Taste one and discover celestial perfection every time (even in flavors you might not normally choose such as lavender, cassis or rose).  As he notes, “When customers bite into one of my macarons you can tell they are in heaven, it’s priceless.”

Chef Rocq was the first to make heart-shaped macarons for Valentine’s Day and has designed shamrocks and egg shapes for St. Patrick’s Day and Easter.

“I always try to come up with ideas that no one else is doing. I knew the macarons were going to become trendy and that there were already other established French macaron companies out there. I knew I had to be different. I started thinking of major holidays that people spend money on.”

His goal is nothing less than expanding his distribution to every major high end grocery store, boutique and patisserie in the U.S.

Something of an over-achiever from early on, Rocq earned the highest score from every culinary school in his native France, based on both written and hands-on exams. Le Toque Blanches, a chefs association based in France, sponsors a top student to study internationally, either in the United States or Japan. Rocq was granted this sponsorship and chose the U.S., specifically the Meridian Hotel (now the Fairmont) in Newport Beach. He then returned to France for further study with a master pastry chef. His resumé includes positions with Le Relais Saint Michel, Hotel de Crillon and Meridien Place de la Concorde among others in France and then after his return to California: Hotel L’Ermitage in Beverly Hills, Tradition by Pascal, Aubergine, and Pinot Provence in Orange County.

Vegetable soup

Vegetable soup

Accustomed to long hours, the ambitious chef decided next to strike out on his own, starting with his catering company. Later he added the macarons and opened his café.
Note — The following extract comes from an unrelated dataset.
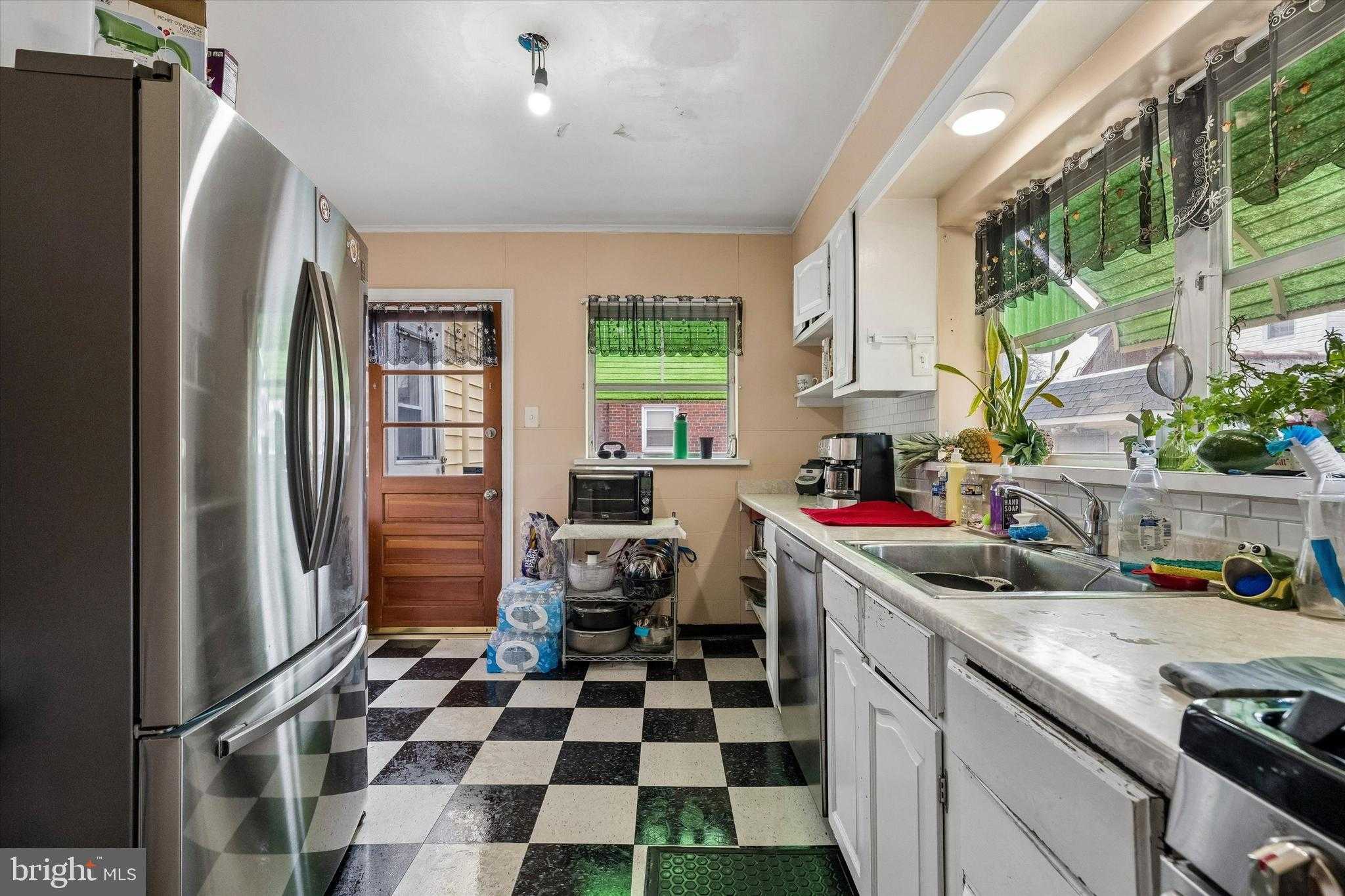 1114 Faunce St # 16 photo 10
Inexpensive rent drew Rocq to Lake Forest.  “We wanted a place to share our cooking and expand the catering business as well. We found Lake Forest to be the perfect place — friendly neighbors, not a lot of family owned- restaurants. We have been very welcomed by the community and are pleased to be here,” he explained.

While his food cannot be labeled healthy, Rocq keeps the portions rightly-sized so guests do not overeat and can save room for one of his desserts or a macaron. His menu features salads and paninis and his dressings and sauces are made fresh in house. “My goal in cooking is balance in flavor, moderate portion size and to be light on the stomach. Yes, I use butter and cream but with moderation,” he comments.

Well-received cooking classes are hands-on or demo, costing $55 to $65. Rocq has taught everything from appetizers to desserts. Veal blanquette, braised short ribs, beef bourgignon, salmon papillote, moules marineire (mussels in white wine), and pasta made from scratch are a few recipes he covered recently. He’s also instructed pastry classes that included the perennially popular tiramisu and creme brulee. He hopes to get his own cooking show someday to “teach others and share what I know.”

Chef Eddy on TV

Chef Eddy has made appearances on TV and enjoys working in front of the camera.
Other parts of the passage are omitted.